Some pundits take the view that once the test bed has done its job, other centres in China,
especially Shanghai, and indeed international centres, will supplant its pre-eminence, or for
that matter water down its role, notably Singapore in Asia and London in Europe. This will
not happen for some time to come because of the sheer weight of China’s trade conducted
with (and through) Hong Kong and its natural position as the stepping stone for Chinese
financial institutions going abroad, and of course their accompanying key personnel.
What will happen is that in selected areas of activity, new pools of expertise will be rooted in
other financial centres. Elsewhere in Asia, Taiwan and Singapore have underlying
respective strengths favouring their potential roles as hubs.
There is no veiled disguise in London’s quest to lead the charge in Europe, if not globally in
selected areas. The moves are well-orchestrated, contrary to the usual self-deprecating
style, spurred by the confidence that came from winning the Olympics city race for 2012.

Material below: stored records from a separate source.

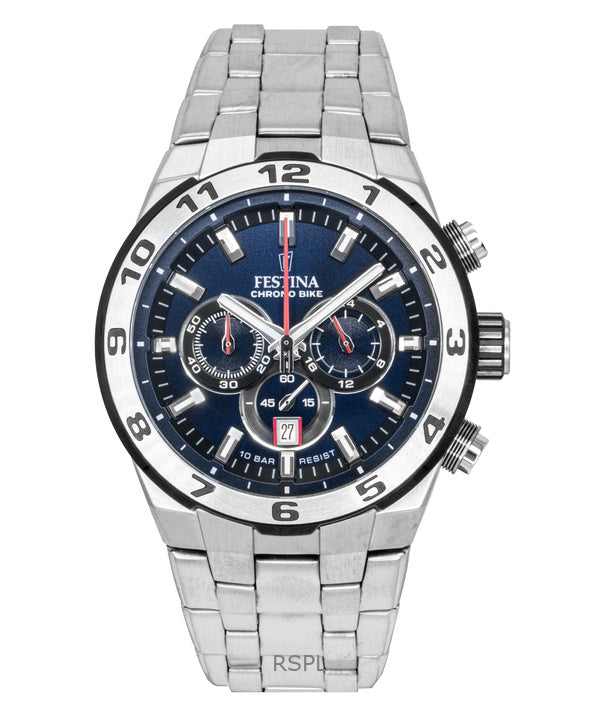 Festina Chrono Bike Chronograph ruostumattomasta teräksestä valmistettu sininen kellotaulu kvartsi F20670-1 100M miesten kello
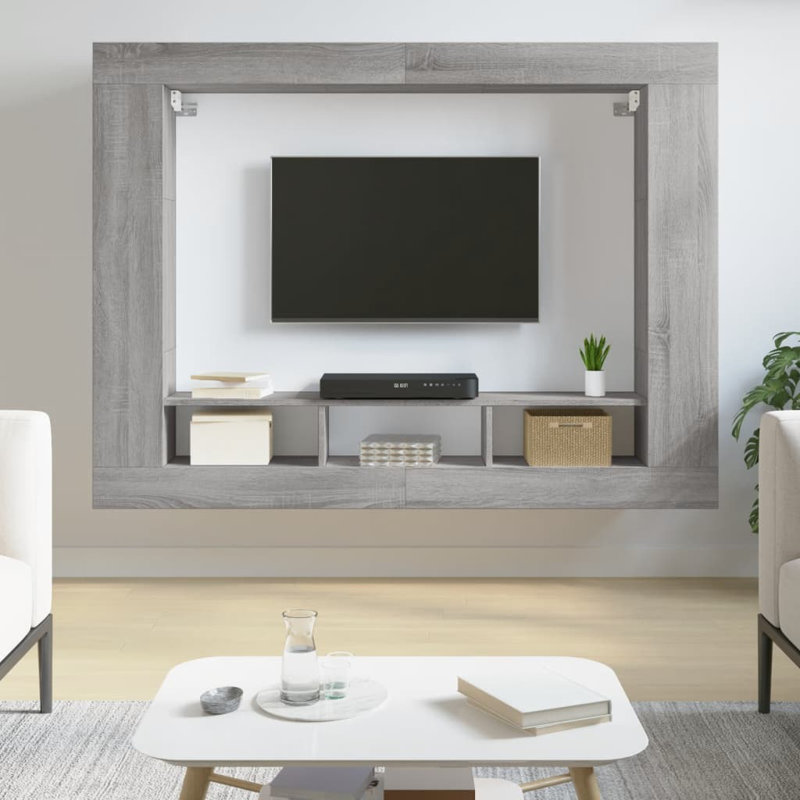 Marisabel TV Cabinet 152x22x113 cm Engineered Wood, Grey Sonoma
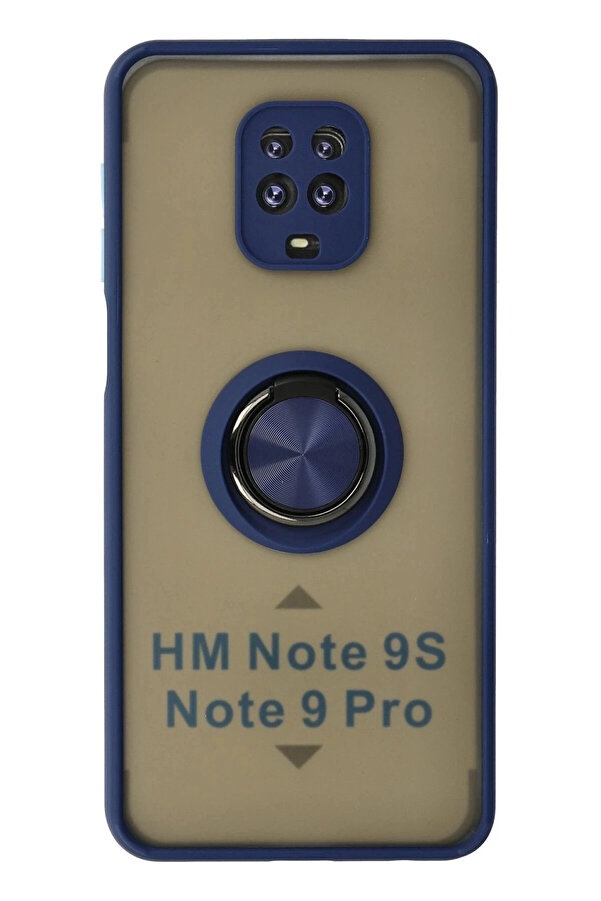 Buti̇k Xi̇aomi̇ Redmi̇ Note 9 Pro Kılıf Montreal Yüzüklü Si̇li̇kon Kapak - Laci̇vert-(5796)
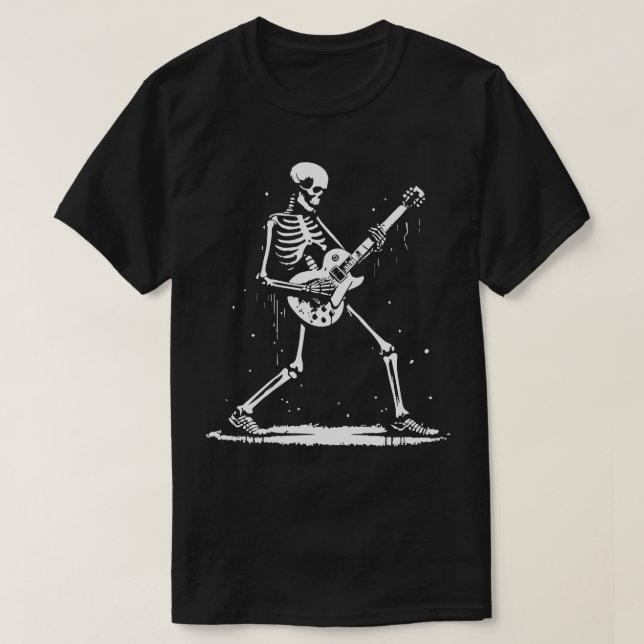 Skelett spielt Rock'n'Roll T-Shirt (Design vorne)
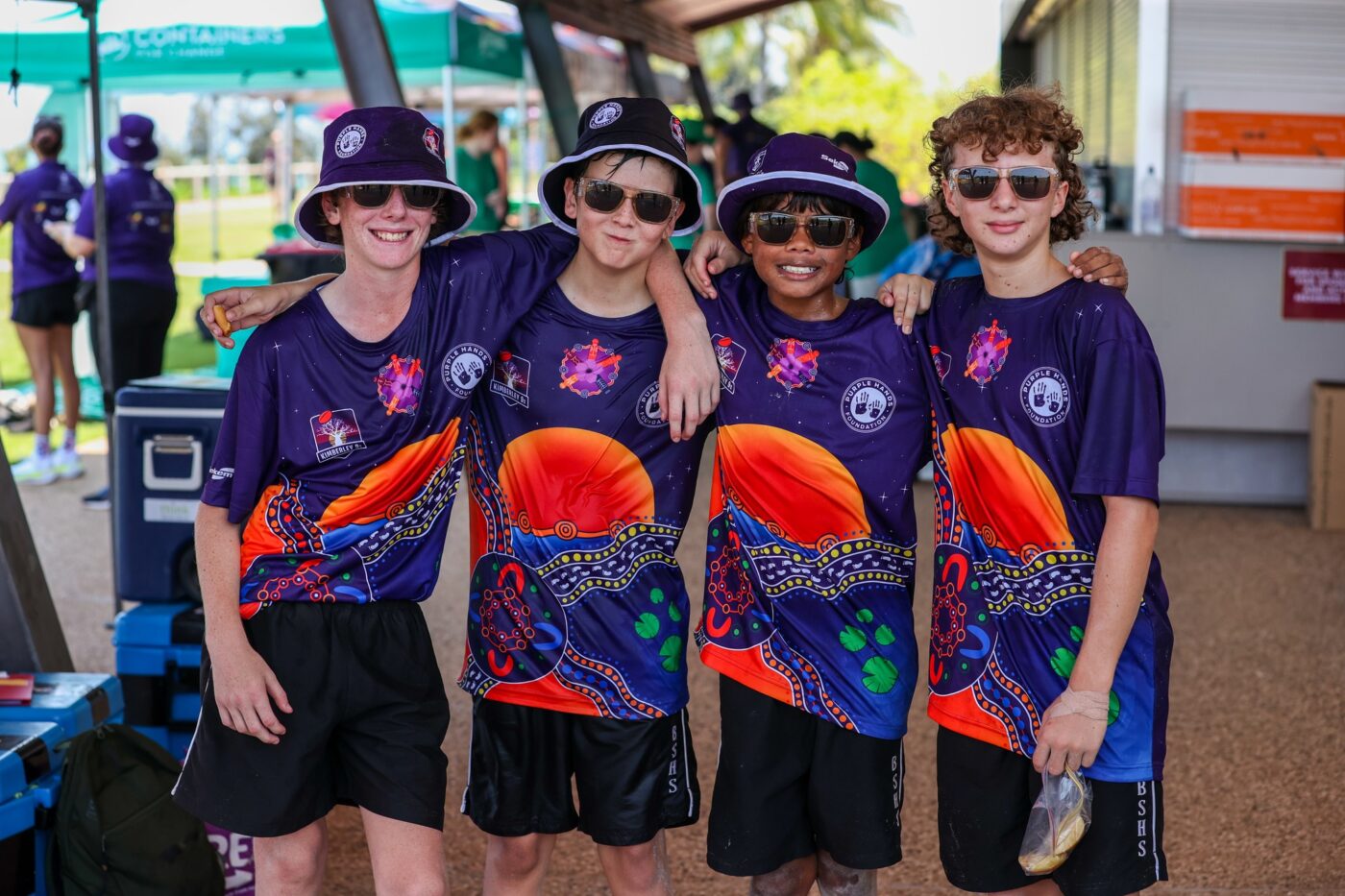 A group of children smiling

And does it matter if UK banks and financial institutions are now a far cry from where they
once led? Not really and it is based on the “Wimbledon Strategy” – provide the best venue,
facilities, services and thrive from running the courts without having national champions (until
Andy Murray came along to trump Roger Federer). The City of London has brand presence
and along with it the depth in offshore institutional markets in global fixed income, forex,
derivatives and a plethora of areas in financial services. And accidents happen too. It should
not be forgotten that US Tax equalisation created the largest offshore bond market in London
and Glass-Steagall, before it was repealed, brought the biggest pool of talent into the
derivative markets in London, originally in currency and interest rate swaps, to create the
perfect ecosystem to serve global markets.
What about the mastery of “Roger Federer”? Apart from the obvious strength in private
wealth management, risk management and insurance, Switzerland has global clout in trading
commodities, out of Geneva and Zug, as well as an industrial and logistics base second to
none for a country with a population of eight million, a shade over Greater London’s size.